2008/2/6 Ross S. W. Walker rwalker@medallion.com:
I don't think that is the "harmless" error message mentioned in the release notes as that had to do with the "crash kernel".
I saw this same error on a Dell AMD system. It seems the motherboard in that system didn't do ACPI IRQ routing as the kernel expected and experienced a lot of random problems until "acpi=noirq" was passed as a kernel option to disable ACPI IRQ routing defaulting back to the APIC IRQ routing. If that still gives you problems then you may need to use "irq=poll" which forces the kernel to poll for IRQ changes.
At first, I am sorry for my late reply. I was very busy.
Well, "acpi=noirq" didn't work but after using the "irq=poll" option, the message "MP-BIOS bug: 8254 timer not connected to IO-APIC" stopped appearing. However, the message "Memory for crash kernel (0x0 to 0x0) notwithin permissible range" is still appearing. I have started my computation program after booting the OS with "irq=poll" option. I will report later if it really worked and system doesn't freez anymore after running the program for long time.
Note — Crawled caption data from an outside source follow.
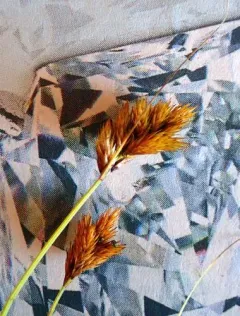 Crawford's sedge thumbnail 2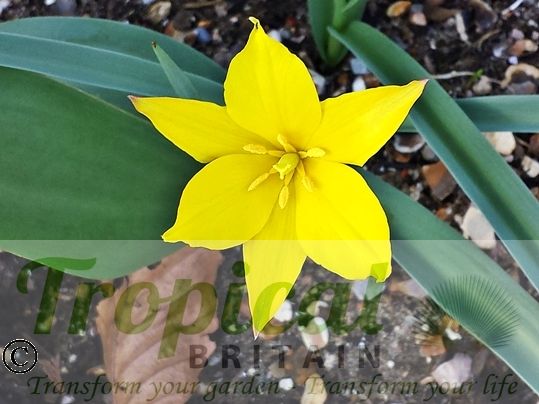 Tulipa kolpakowskiana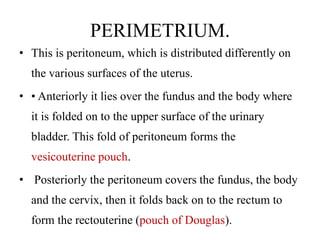 PERIMETRIUM.
• This is peritoneum, which is distributed differently on
the various surfaces of the uterus.
• • Anteriorly it lies over the fundus and the body where
it is folded on to the upper surface of the urinary
bladder. This fold of peritoneum forms the
vesicouterine pouch.
• Posteriorly the peritoneum covers the fundus, the body
and the cervix, then it folds back on to the rectum to
form the rectouterine (pouch of Douglas).
 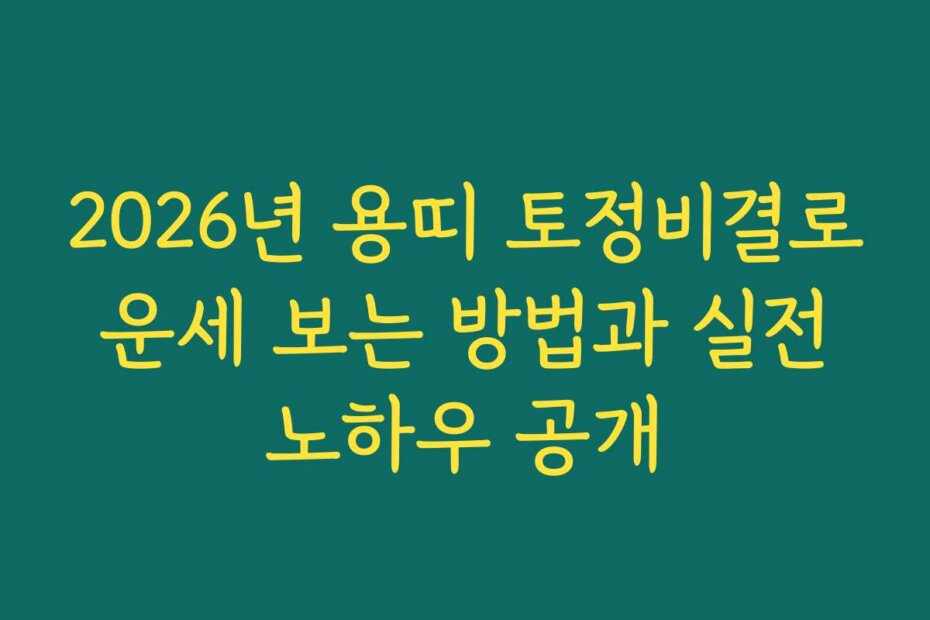 2026년 용띠 토정비결로 운세 보는 방법과 실전 노하우 공개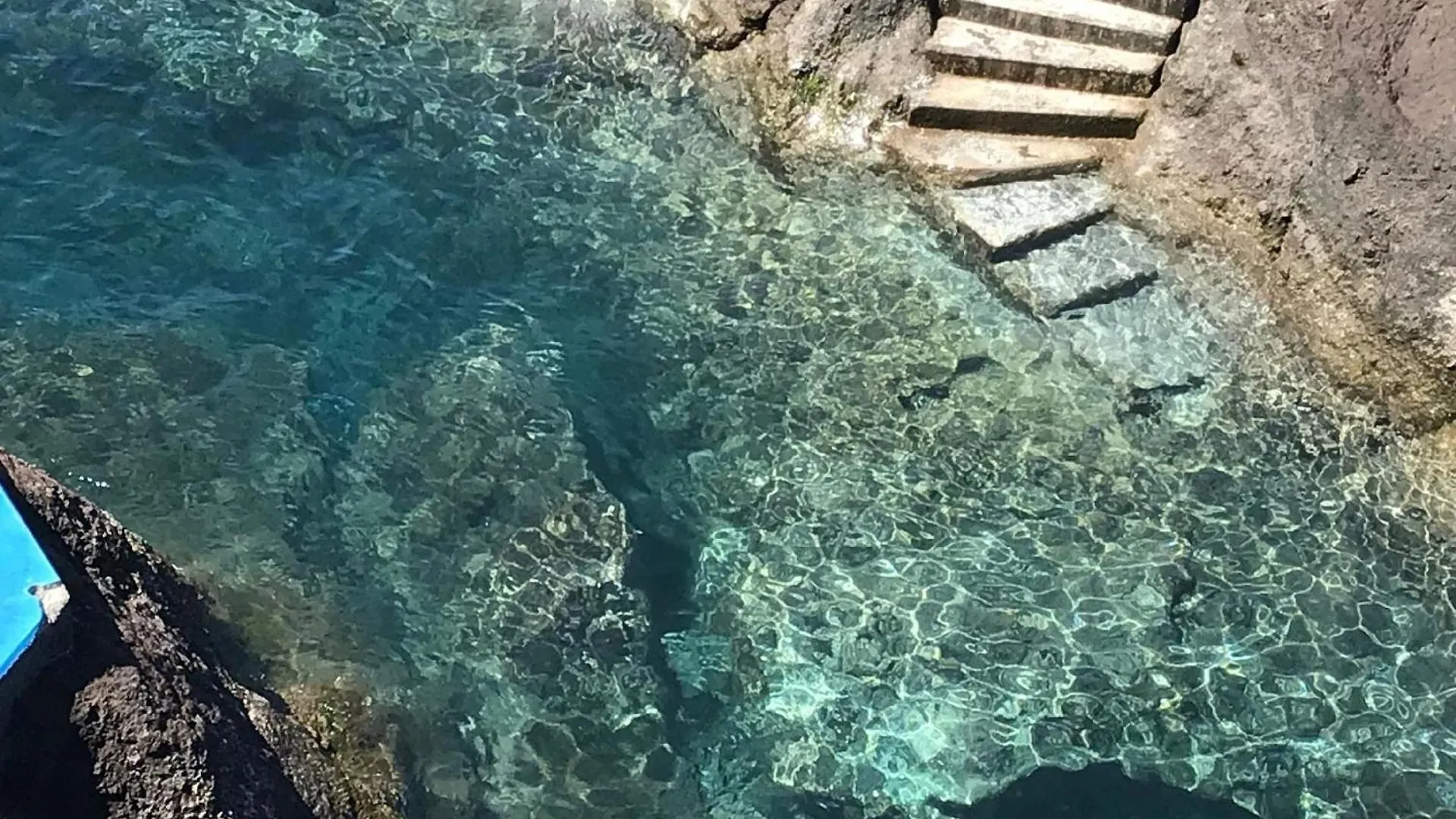 شقة Studio Fuer 4 Personen Ca 15 M In So Martinho, Madeira Suedkueste Von Madeira فونشال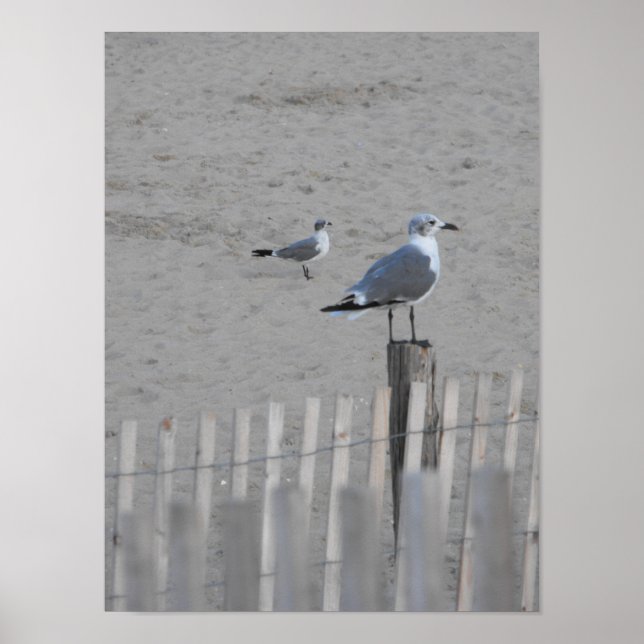 Pôster Praia ~ 25,5 (Frente)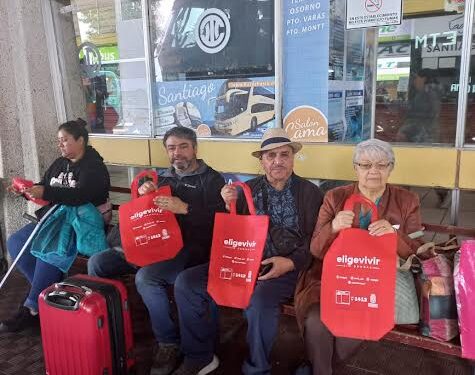 “Fin de Año Seguro”: Fiscalizan transporte interurbano en Osorno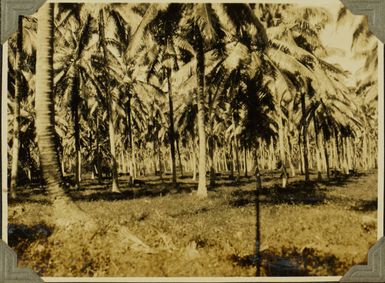 Palm trees, Samoa, 1928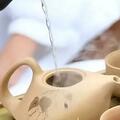 10個你一直想知道的關於茶的問題，統統解答！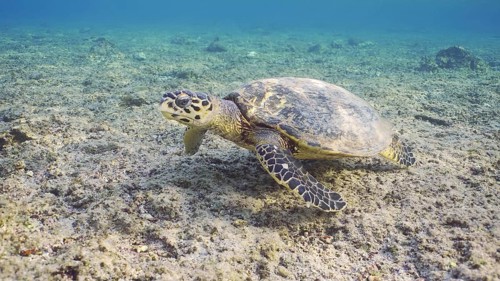 Hawksbill Sea Turtle (Eretmochelys imbricata) or Bissa swims over of coral reef, Red sea, Egypt,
This is the grub.conf: kernel /boot/vmlinuz-2.6.18-53.el5PAE ro root=LABEL=/12 irq=poll early-login quiet. Also, the deamon "acpid" is not running. ============================================================================
============================================================================ 2008/2/6 Tru Huynh tru@centos.org:
Looks like some hardware crash to me, otherwise you would have some logs for oops/hangs.
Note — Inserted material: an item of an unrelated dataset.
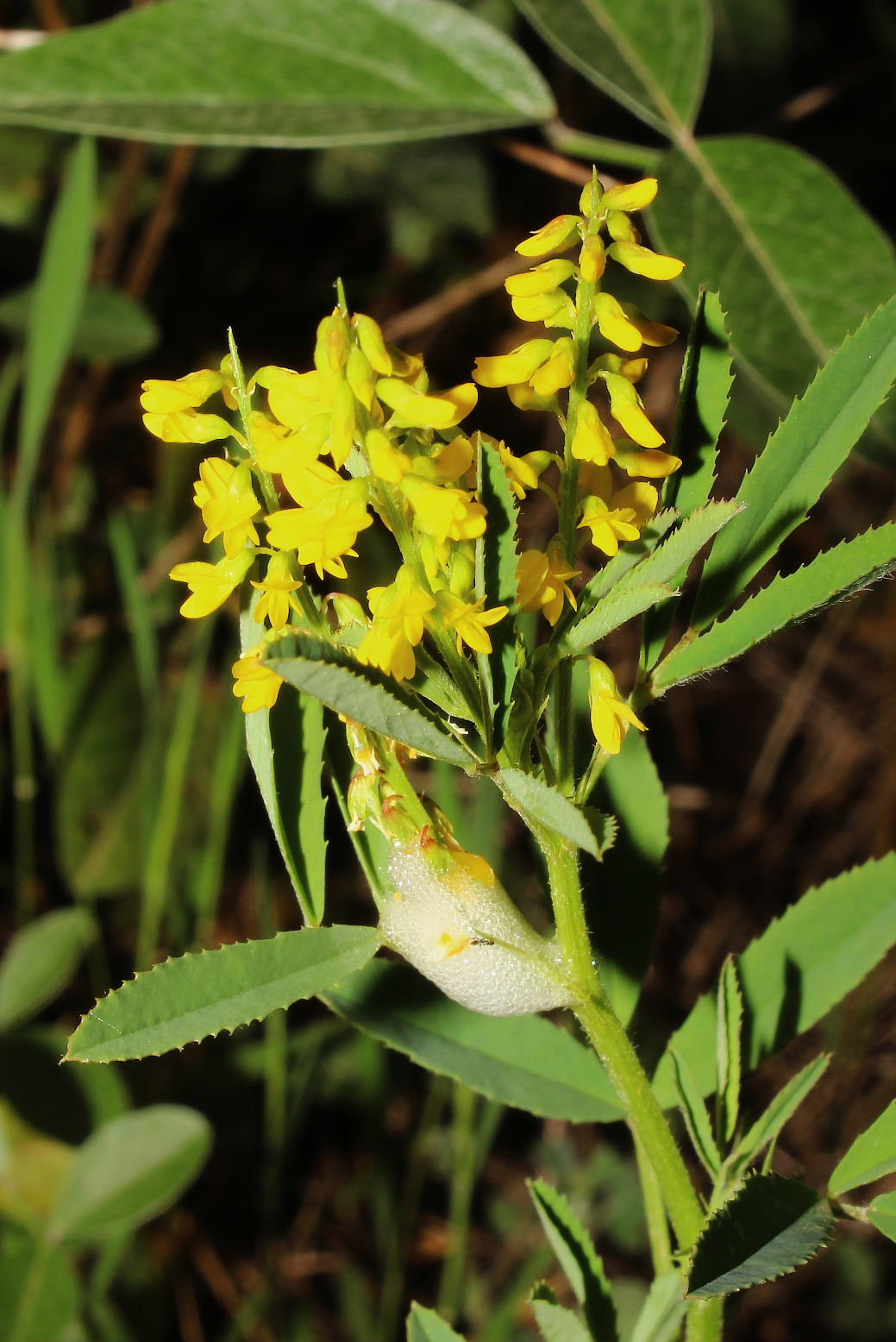 Fabacea 2 da determinare - Melilotus sp.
Can you make available somewhere your /var/log/messages (don't send a few MB file to the list) and the /proc/cmdline content ?
You said you used "acpi=off" and acpid disabled is it still the case?
~> chkconfig --list cpuspeed cpuspeed 0:off 1:on 2:off 3:off 4:off 5:off 6:off
As far as the the kernel log message and content of "/proc/cmdline" is concerned, I will certainly make these available if the aforementioned "irq=poll" optioned also fails. And yes, the until last time, "acpi=off, noapic" options were passed to the kernel and acpid were kept stopped. The output of "chkconfig --list cpuspeed" is "cpuspeed 0:off 1:on 2:on 3:on 4:on 5:on 6:off". However, the "service cpuspeed start" or "service cpuspeed stop" commands doesn't show any message. Also, the gui to control the services (system-config-services) shows that cpuspeed is stopped. So, I guess, cpuspeed is of no effect. But anyway, I will report the details a little lated after I finish checking the "irq=poll" option. =================================================================
In the mean time, I also verified that it is NOT a hardware problem. I installed FC5 in one of the other partitions and ran a SERIAL version of the same program (i.e. no OpenMP, gcc without -fopenmp flag) and it didn't freez at all. Well, I had to pass the "noapic" option during this installation and it didn't recognize my network card ;). When I run the PARALLEL version of the program (gcc with -fopenmp option), it ran for few hours and stopped with an error message something like "libopenmp: not sufficient memory...allocating 60 bytes". However, the system didn't hang or didn't reboot. So, I believe, it has something to do with the OpenMP, not the hardware.
Anyway, thank you for all your replies. I will keep posting the updates here.
- Chandra